For instance, let's take the following example Schema:
Schema
We can describe the change by describing the type of change and its scope for each table which has changed :
Change description example
Table Update Detail | sales | products |
---|---|---|
Change type | ADD_ROWS | ADD_ROWS |
Change Scope | sales.date = '2024-01-02' | products.date = '2024-01-02' |
Change description only allows one table update detail per table in the schema.
DirectQuery connector will create a new database version and triggers a new version creation in the cube. If necessary, it will also stream the new data to the cube.
The DirectQuery connector will first identify the streams impacted by the change description. Streams are a way to listen to the database changes, they fulfill several needs :
- Cube Hierarchy feeding
- Cube Aggregate provider feeding
- Custom list query stream registered by the user
After identification of impacted streams the connector will load the new data and send the right change instructions to each stream. Instructions can be :
- remove where
- add aggregate fact
If data have been added DirectQuery connector will make a query in the database to capture the new added rows and
streams these new values.
If data have been removed, the connector will send a remove where operation to the listener.
If data changes are updates or mixed changes, the connector will refresh the described scope.

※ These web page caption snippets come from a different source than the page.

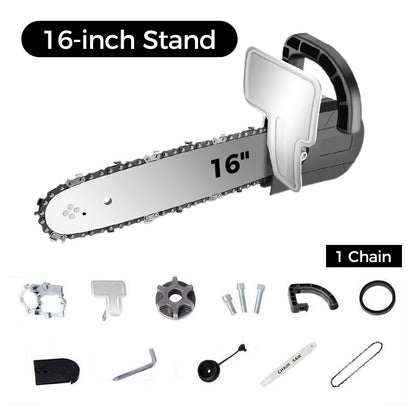⏳Time-limited Special🔥Angle Grinder Converted Electric Chainsaw Kit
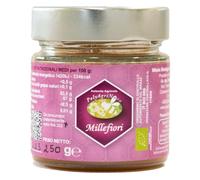 Miele millefiori estivo italiano biologico 250g, dal gusto dolce e intenso. Ideale su pane, bevande e dolci, prodotto con passione nel Piemonte biologico.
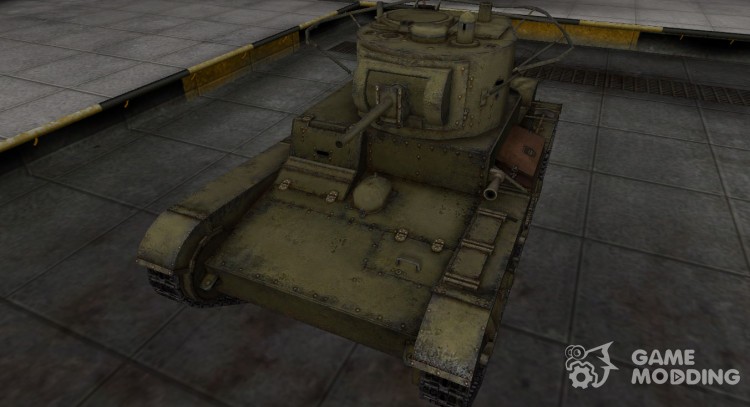 La piel para el T-26 en расскраске 4БО para World Of Tanks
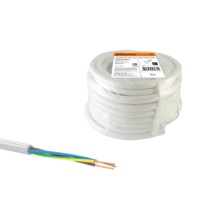 Провод ПВС 3х4 ГОСТ (10м), белый TDM
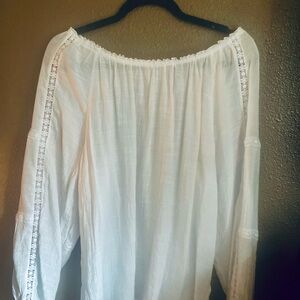 Counterparts White Off-Shoulder Blouse
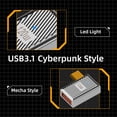 thumbnail image 2 of Chenyang CY Right Angled 90 Degree USB-C Type-C to USB 2.0 Female OTG Cable for Phone Tablet Laptop Black Cable, 2 of 6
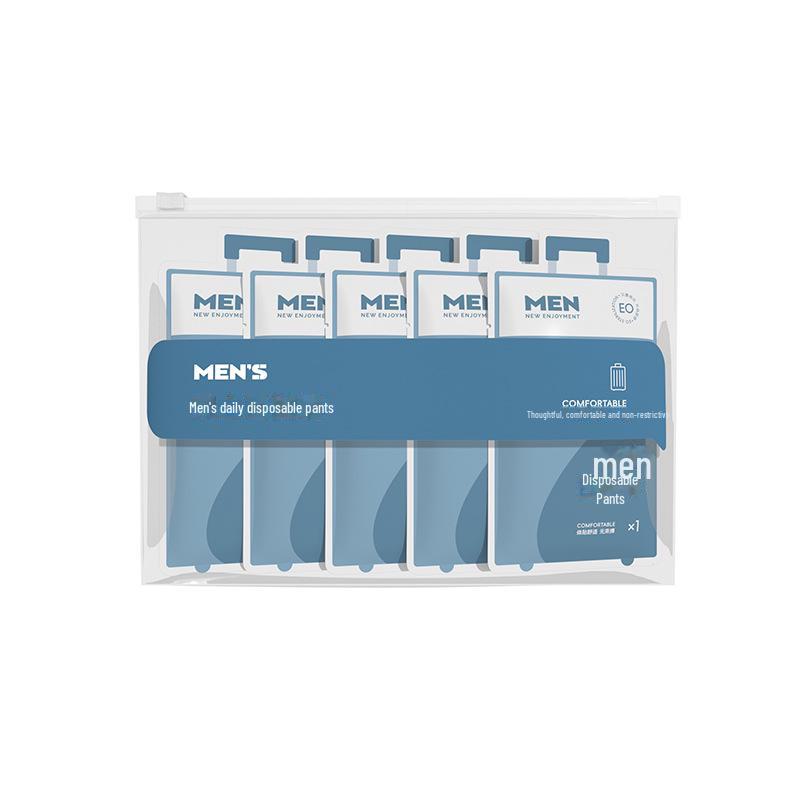 Men's Disposable Cotton Boxer Briefs: Sterile, Travel-Ready, Non-Washable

It will send a remove
where operation to the listener and capture current value of the scope in the database.
Sometimes the scope provided is not sufficient to find an incremental way to update the data and the connector will refresh all the data (see Full Refresh heading below).
During the operation, the cube stays available.
Incremental refresh does not support partial refresh.
Scope provided should capture the entirety of the data change.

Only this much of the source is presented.